Software localization is the process of translating the human-visible text in a software program. (It also includes fixing number and date formats, and other things along those lines.)
As you might guess, the problem is that languages are tricky. In this older article by the linguists Sean M. Burke and Jordan Lachler, they show all the headaches involved in translating the following bits of text:
I scanned 12 directories.
Your query matched 10 files in 4 directories.
I thought it was a pretty amusing essay:
Then your Russian translator calls on the phone, to personally tell you the bad news about how really unpleasant your life is about to become:
He elaborates: In "I scanned %g directories", you'd expect "directories" to be in the accusative case (since it is the direct object in the sentence) and the plural number, except where $directory_count is 1, then you'd expect the singular, of course. Just like Latin or German. But! Where $directory_count % 10 is 1 ("%" for modulo, remember), assuming $directory count is an integer, and except where $directory_count % 100 is 11, "directories" is forced to become grammatically singular, which means it gets the ending for the accusative singular... You begin to visualize the code it'd take to test for the problem so far, and still work for Chinese and Arabic and Italian, and how many gettext items that'd take, but he keeps going... But where $directory_count % 10 is 2, 3, or 4 (except where $directory_count % 100 is 12, 13, or 14), the word for "directories" is forced to be genitive singular -- which means another ending... The room begins to spin around you, slowly at first... But with all other integer values, since "directory" is an inanimate noun, when preceded by a number and in the nominative or accusative cases (as it is here, just your luck!), it does stay plural, but it is forced into the genitive case -- yet another ending... And you never hear him get to the part about how you're going to run into similar (but maybe subtly different) problems with other Slavic languages like Polish, because the floor comes up to meet you, and you fade into unconsciousness.
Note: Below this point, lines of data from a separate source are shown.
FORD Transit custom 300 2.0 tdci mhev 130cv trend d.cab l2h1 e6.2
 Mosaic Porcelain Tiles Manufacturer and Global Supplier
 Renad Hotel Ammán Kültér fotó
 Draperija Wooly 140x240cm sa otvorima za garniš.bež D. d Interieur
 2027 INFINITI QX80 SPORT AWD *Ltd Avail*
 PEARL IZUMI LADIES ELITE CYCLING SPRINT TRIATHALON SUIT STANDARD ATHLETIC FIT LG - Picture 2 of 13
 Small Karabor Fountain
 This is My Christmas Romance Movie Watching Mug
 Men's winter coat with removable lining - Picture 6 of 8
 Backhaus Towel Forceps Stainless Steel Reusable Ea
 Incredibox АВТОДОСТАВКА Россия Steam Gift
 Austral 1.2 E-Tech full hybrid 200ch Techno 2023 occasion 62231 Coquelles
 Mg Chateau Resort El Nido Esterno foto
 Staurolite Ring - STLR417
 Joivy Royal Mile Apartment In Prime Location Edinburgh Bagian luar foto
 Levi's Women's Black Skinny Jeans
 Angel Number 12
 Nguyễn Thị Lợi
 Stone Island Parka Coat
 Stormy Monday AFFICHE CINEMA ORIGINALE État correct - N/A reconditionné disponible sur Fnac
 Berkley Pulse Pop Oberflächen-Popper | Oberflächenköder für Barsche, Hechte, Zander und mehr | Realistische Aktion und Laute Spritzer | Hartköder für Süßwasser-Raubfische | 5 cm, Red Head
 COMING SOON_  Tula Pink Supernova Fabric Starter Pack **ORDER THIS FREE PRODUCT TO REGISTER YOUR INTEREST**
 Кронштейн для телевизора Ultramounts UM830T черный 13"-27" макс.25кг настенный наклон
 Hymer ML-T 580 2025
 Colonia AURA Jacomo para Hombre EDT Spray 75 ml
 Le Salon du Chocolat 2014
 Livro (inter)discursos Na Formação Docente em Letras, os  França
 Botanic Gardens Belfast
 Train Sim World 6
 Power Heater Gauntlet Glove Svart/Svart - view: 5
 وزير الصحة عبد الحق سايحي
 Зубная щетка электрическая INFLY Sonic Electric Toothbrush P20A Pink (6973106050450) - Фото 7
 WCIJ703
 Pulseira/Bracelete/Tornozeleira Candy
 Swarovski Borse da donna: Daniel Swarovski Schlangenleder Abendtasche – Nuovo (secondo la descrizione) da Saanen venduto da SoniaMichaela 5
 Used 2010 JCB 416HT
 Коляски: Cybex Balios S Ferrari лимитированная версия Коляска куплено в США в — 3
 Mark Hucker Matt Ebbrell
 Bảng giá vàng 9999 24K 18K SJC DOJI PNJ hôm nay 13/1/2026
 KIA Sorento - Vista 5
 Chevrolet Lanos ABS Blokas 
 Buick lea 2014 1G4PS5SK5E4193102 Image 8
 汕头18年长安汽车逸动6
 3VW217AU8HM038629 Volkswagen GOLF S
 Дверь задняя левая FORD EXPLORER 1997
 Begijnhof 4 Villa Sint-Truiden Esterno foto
(Thank you to zoul who linked to this article on another site.)
Mozilla has just released a specification for a new translation format that tries to address these issues. An example:
This is designed to support grammatically correct translations for a wide range of languages, including languages with really unusual grammatical constraints. And it's designed to work even when the original software authors don't understand Russian grammar.